We were all really bummed out on the way back, because there’s nothing quite as depressing as going to all the trouble to gear up and ride out there only to have to scratch the dive. However, my brother Reid saved the day by suggesting that we do a drift dive on the Beaufort Rock Jetty. Jetties aren’t necessarily my favorite dives, but in a tight spot they’re fun and most importantly they afford you the opportunity to breathe underwater, which is the main goal.
We switched over to a smaller boat and motored over there. Most people who dive the jetty drive up and carry their gear to the water, but we have a 20′ Robolo that’s the perfect size to pull up and anchor. Reid, who is my father’s first mate and a recent divemaster, was going to dive with us, but in poor DM form shook us within a few minutes of descending. Thankfully we’re fully competent and didn’t need his pretentious hovering anyway. The dive was a drift dive with 3-5 feet of visibility in 30-40 feet of water, and I had such a good time. Since we live in DC we don’t get to dive as often as we’d like, and just being underwater was good enough for us.
Dan also had a wonderful time.

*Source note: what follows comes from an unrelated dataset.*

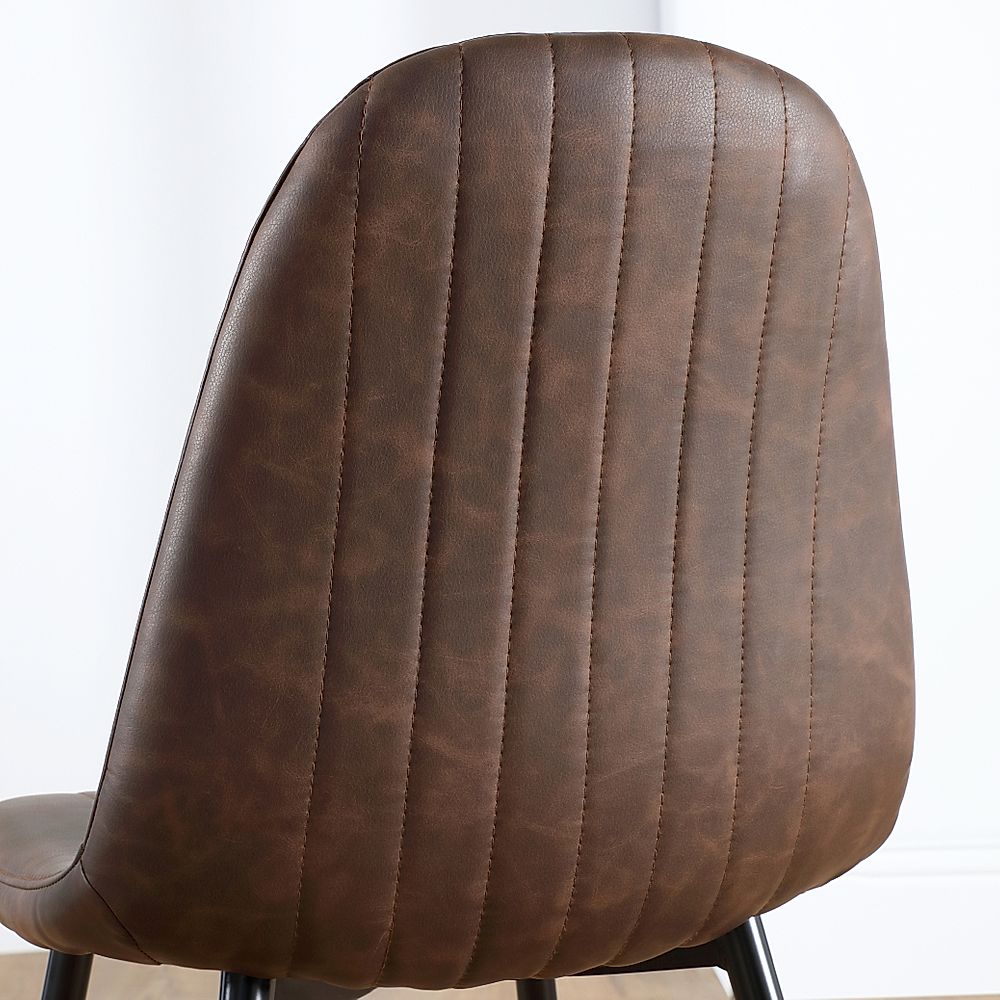 Brown leather chair with black legs deals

I keep telling him that not a lot of people would have enjoyed that dive, and even fewer would have raved about it. I could not have been happier that Dan loved North Carolina diving. I’m taking it as an incredibly good sign that he had a great time in what were pretty much the worst case scenario conditions. Usually the perpetual pessimist, he found the best in the situation, which makes me happier than I can even express. I can’t wait to show him what NC can offer on a good day.
After Reid ditched us, he speared a flounder and a small tautog. When we got home he cleaned them, breaded them, and fried them for fish sandwiches. I love flounder and this was probably as fresh as it gets. We ate that fish within two hours of spearing it, and it was completely delicious. Later in the weekend my dad made freshly caught grouper fingers, which were equally amazing.

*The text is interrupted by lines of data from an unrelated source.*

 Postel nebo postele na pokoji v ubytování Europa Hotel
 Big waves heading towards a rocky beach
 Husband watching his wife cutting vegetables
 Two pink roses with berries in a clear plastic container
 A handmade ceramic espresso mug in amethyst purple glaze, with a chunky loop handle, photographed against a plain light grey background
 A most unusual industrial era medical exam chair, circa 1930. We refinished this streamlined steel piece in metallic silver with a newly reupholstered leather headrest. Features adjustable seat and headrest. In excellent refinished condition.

My dad’s friend Scotty (the one he wrote a book about) turned him on to the House of Autry fish breading a few years ago, which is what my dad uses pretty exclusively on his fish these days. I meant to take a look at the ingredients, but if I had to take a guess, I would say it’s cornmeal, flour, and some spices. If you can find House of Autry, you can use that, or you could make your own breading. My dad also crumbles up some triscuits (or potato chips if you’re in a tight spot) and mixes them in for some crunch.
We ate the flounder on sandwiches with fresh tomato, salt and pepper, and a little dijonaisse (the only condiment in the refrigerator- tartar sauce would have been preferable). The grouper was cut and fried in fingers, perfect for eating alone or dipped in some dijonaisse. It combined two of my favorite southern culinary treats- tomato sandwiches and fried fish. I know that it seems insanely simple and that the foodie in me should revolt, but no food makes me close my eyes and sigh a sigh of pure happiness like fresh fish and tomato.
Fried Flounder Sandwiches
1 whole flounder, or 2 flounder filets
2 cups House of Autry seafood breader
1/2 cup crunched triscuits
1 cup peanut oil
Salt & pepper
If you’re working with a whole flounder, you want to skin and filet it.
Combine your breader with the triscuits in a bag. Throw the filets in the bag and shake until thoroughly coated.
In a large skillet, heat your peanut oil until it bubbles around the bottom of a wooden spoon, or dances when you splash water in it. These are very scientific tests, clearly.
Place your fish in the oil and cook 4-5 minutes on each side, or until golden brown. While the fish is cooking, slice the tomato, toast the rolls, and spread on some tartar sauce. When the fish is cooked, toss those on the sandwich, put your feet up on the front porch, and enjoy.